Randall: Yeah, I was talking to a friend from the southeast a couple of months ago, as all of these recent developments were kind of—the General Conference being delayed ‘til 2024, and the increasing, I would call it, belligerence of the WCA and the impending launch of the Global Methodist Church or the GMC. And, you know, the turmoil about what to do with Jurisdictional Conferences and this feeling of deep stuckness.

And it did feel like we were moving chaotically towards separation, whether we manage that well or not. And the image that I shared with him was that really terrible scene in Gandhi

You know where India and Pakistan have decided to split, and people are kind of like rushing to be on the right side of the line, you know, in the last 24 hours. Even though that’s a little bit overblown, given the crisis that was, it does kind of feel like that–that we are messily moving towards some kind of official split in the United Methodist Church, and that people are very messily moving and trying to figure out which side of the dividing line that they want to be on.

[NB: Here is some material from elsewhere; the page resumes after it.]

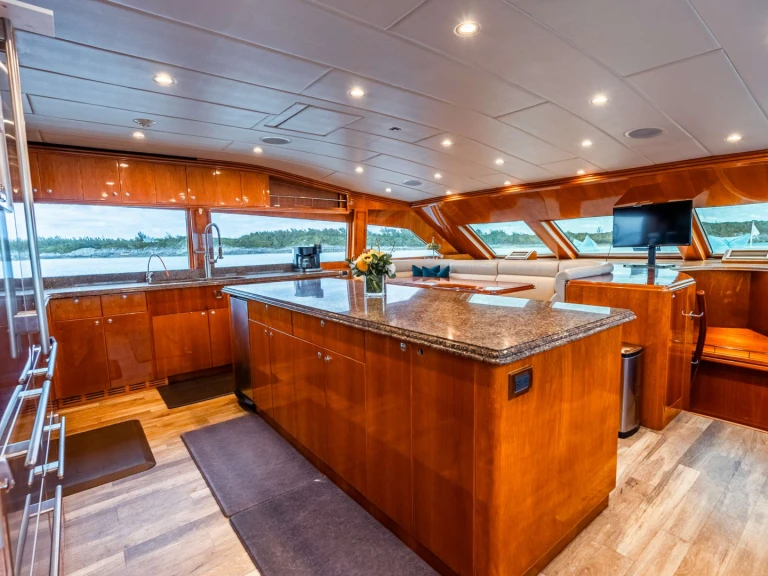 Hire Luxury Yacht with or without skipper Hargrave Nassau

It feels to me very chaotic. I still believe that separation is necessary and right, if really, you know; I don’t think it’s just 2 sides, but multiple folks on various sides or points of view don’t feel like we can live together in harmony— that we really need to find a way to sort of split, and it would be better if we could find a mutual mutually agreeable way to do that. But we haven’t been able to, and I don’t think the protocol has been viable for actually a long time now. So. 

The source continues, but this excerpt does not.